Mr Morrison's pledge will see $100 billion added to the national debt as part of a "lower tax guarantee" with no new income, superannuation, business or housing taxes if the Liberal-National coalition is re-elected.
"Lower taxes are at the heart of our economic plan for a stronger economy and stronger future," the prime minister said.
The coalition is upping the scare campaign by suggesting Labor will introduce new taxes, despite the opposition already ruling it out.
Labor has floated taking stronger action to curb multinational tax evasion and said more details on their plan would be announced soon.
Shadow Treasurer Jim Chalmers said the latest announcement from the Liberals was contrary to a commitment Australia had previously made.
"The prime minister ... appears to be walking away from a deal Australia said that we want to be part of, 130 countries around the world who recognise that we need a fairer way to tax multinationals so they're paying their fair share in the countries where they make their profits," he told ABC's Insiders on Sunday.
Mr Morrison says his new tax guarantee will mean Australians will be $100 billion better off but there are questions over whether this figure represents already legislated cuts.
Meanwhile, Mr Albanese has dubbed a crisis in Veterans' Affairs a "national disgrace" with the opposition saying unresolved claims for help have hit 60,000.
"For so many of our veterans, the war does not end when they leave the battlefield.

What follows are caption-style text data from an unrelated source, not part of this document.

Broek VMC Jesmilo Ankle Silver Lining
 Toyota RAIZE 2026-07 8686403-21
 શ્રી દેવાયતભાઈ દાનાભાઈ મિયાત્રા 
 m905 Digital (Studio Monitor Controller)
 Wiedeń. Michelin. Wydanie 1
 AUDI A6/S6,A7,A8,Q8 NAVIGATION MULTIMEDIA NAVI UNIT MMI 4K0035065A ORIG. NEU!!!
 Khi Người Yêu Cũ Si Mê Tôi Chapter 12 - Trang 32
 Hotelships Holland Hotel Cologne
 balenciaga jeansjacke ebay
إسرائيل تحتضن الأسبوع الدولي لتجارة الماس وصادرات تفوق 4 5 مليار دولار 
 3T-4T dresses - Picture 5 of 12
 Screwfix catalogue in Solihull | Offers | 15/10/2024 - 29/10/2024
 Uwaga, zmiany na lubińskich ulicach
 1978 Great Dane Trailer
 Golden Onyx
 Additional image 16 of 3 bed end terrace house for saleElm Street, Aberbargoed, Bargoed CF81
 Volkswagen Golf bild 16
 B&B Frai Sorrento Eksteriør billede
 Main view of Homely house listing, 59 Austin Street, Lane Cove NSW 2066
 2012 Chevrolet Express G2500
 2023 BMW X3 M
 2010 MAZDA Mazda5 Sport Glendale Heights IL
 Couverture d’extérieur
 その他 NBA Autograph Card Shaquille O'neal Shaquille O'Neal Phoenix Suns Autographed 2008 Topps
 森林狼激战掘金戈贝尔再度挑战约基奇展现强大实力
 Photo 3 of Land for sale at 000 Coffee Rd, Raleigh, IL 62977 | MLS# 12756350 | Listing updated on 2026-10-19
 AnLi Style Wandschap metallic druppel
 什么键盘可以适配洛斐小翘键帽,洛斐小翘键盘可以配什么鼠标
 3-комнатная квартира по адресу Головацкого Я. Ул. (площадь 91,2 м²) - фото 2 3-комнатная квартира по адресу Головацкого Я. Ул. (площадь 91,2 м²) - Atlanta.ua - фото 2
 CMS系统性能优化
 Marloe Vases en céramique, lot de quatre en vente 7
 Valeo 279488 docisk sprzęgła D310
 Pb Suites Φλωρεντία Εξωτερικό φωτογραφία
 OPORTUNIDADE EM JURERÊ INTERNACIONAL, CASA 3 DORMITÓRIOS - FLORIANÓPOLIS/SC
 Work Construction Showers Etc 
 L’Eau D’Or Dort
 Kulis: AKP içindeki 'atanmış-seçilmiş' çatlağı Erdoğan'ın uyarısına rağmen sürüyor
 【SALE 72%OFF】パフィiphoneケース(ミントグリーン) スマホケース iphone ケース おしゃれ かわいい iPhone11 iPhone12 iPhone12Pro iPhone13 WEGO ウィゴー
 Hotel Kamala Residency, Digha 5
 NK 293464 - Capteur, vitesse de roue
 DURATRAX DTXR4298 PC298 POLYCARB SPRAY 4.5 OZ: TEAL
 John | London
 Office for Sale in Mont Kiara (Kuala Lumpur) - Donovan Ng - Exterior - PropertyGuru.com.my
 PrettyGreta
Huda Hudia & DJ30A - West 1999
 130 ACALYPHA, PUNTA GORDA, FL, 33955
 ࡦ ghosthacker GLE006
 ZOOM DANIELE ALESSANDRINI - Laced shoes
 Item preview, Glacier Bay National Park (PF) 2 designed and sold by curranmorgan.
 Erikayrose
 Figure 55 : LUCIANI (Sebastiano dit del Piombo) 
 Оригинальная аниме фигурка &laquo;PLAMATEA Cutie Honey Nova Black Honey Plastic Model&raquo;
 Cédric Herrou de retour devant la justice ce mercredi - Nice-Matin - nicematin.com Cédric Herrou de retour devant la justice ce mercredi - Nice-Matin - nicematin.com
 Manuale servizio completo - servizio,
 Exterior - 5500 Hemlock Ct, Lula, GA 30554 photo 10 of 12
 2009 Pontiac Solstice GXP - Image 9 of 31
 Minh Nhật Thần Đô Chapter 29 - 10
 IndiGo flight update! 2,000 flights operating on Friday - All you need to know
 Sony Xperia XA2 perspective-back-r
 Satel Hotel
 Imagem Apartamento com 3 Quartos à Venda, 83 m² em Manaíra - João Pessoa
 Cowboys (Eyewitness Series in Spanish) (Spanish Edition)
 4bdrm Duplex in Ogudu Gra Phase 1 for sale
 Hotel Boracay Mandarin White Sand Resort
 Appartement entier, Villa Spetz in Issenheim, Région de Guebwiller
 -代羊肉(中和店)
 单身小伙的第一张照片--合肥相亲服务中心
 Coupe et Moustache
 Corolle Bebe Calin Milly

Just as they stepped up for us, we must step up for them," Mr Albanese said.
Labor's announcement of more than $500 million for Veterans' Affairs, on the eve of Anzac Day, aims to cut waiting times, build new support hubs, increase veteran home ownership and boost pension and employment programs.
On Friday, the prime minister announced a re-elected coalition government would establish 14 new Veteran Wellbeing Centres providing access to health and wellbeing support, at a cost of $70 million.
Mr Morrison will head to Darwin later on Sunday for an Anzac dawn service on Monday, with Labor deputy Richard Marles to attend in Mr Albanese's stead.
Meanwhile, Deputy Prime Minister Barnaby Joyce appears to be walking back previous comments comparing the Solomon Islands security deal with China to the Cuban missile crisis.
Mr Joyce said he believed the assurances from the Solomon Islands' government that a Chinese naval base would not be established in the country.
"I just hope that China does not get the capacity to set up a naval base because it's obviously an intimidating tactic to Australia," he told ABC's Insiders.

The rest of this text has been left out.